PhyCor 2.0 is a significant and growing option for physicians. For hospitals, who employ more than 245,000 physicians nationwide, the pressure’s on. In most hospitals, the challenge is how to serve physicians who are employed while also addressing the needs of those who remain independent. Deploying capital for infrastructure that enhances the efficiency and effectiveness of their medical groups is an imperative. Implementing mechanisms to change physician behavior without compromising their professional pride using valid and reliable data and skillful physician leadership equally essential. Recognizing that physicians have options other than selling their loyalty to a hospital or insurer a necessary is the starting point. Bringing both clinical and operational expertise on par with the most sophisticated PPMC 2.0 players is imperative. And perhaps most important, physicians expect to be paid well and have the final say on almost every decision.

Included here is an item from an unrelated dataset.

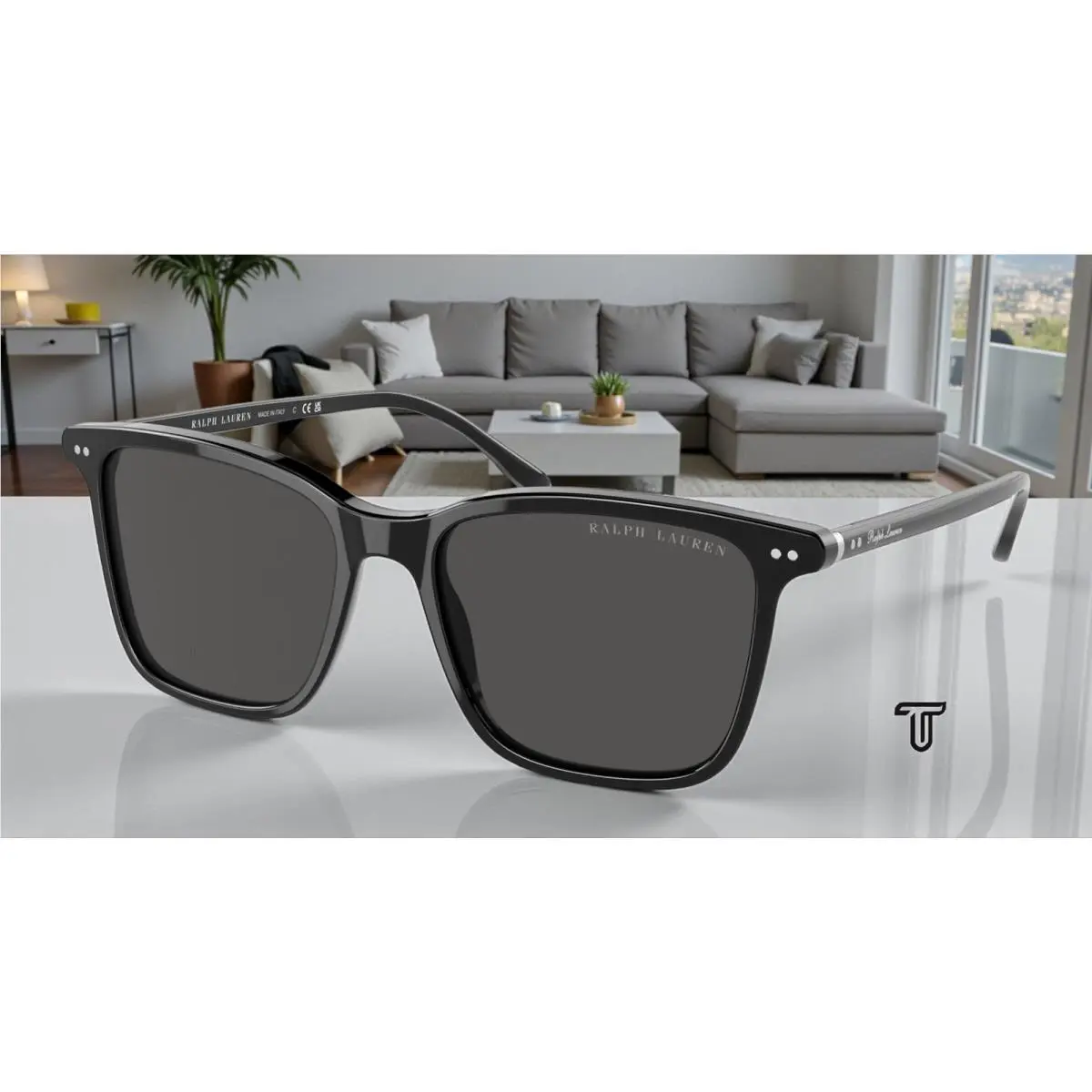 Ralph Lauren RL8199 500187 Shiny Black Dark Grey 53 mm Men`s Sunglasses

As health costs escalate and as payers (Medicare, employers, insurers, Medicaid) require physicians to assume both clinical and financially risk via clinically integrated networks, the table is set for PhyCor 2.0.
Is PhyCor 2.0 ahead? No. It’s here already. And physicians know it.
P.S. Our nation is reeling from collective pain about the seven killings in Baton Rouge, Minneapolis and Dallas. We’re grieving about the losses in families and frustrated by incivility. My reflection always leads to the caregivers who are there in each community forced to tell loved ones the tragic news and offer hope to those expected to recover. Like first responders, they see their role as service. Unlike some, they do not seek the spotlight nor politicize the situation to gain advantage. I am proud to be part of an industry where to serve is more than words.
Medscape Physician Compensation Report 2016; Medical Group Management Association Physician Employment Data 2016; PhyCor, Inc. – Company Profile, Information, Business Description, History, Background Information on PhyCor,Inc.http://www.referenceforbusiness.com/history2/4/PhyCor-Inc.html#ixzz4E5pVEGAP; “Do Physician Practice Management Companies (PPMCs) Provide Sound Investment Opportunities? The Healthcare Investor March 20, 2010; “Physician Practice Management Companies: Too Good to Be True? “Robert P. CarlsonFam Pract Manag. 1998 Apr;5(4):44-56 “Physician Practice Management — A New Chapter” Becker’s Hospital Review February 19, 2014.
I remember Joe Hutts coming to speak at the Owen Graduate School of Management (Vanderbilt University) back in 1997. At the time his vision for PhyCor seemed almost ahead of its time. Today’s market conditions lend themselves to a PhyCor 2.0 or evolved PPMC offering and it will not be surprising to see it take shape.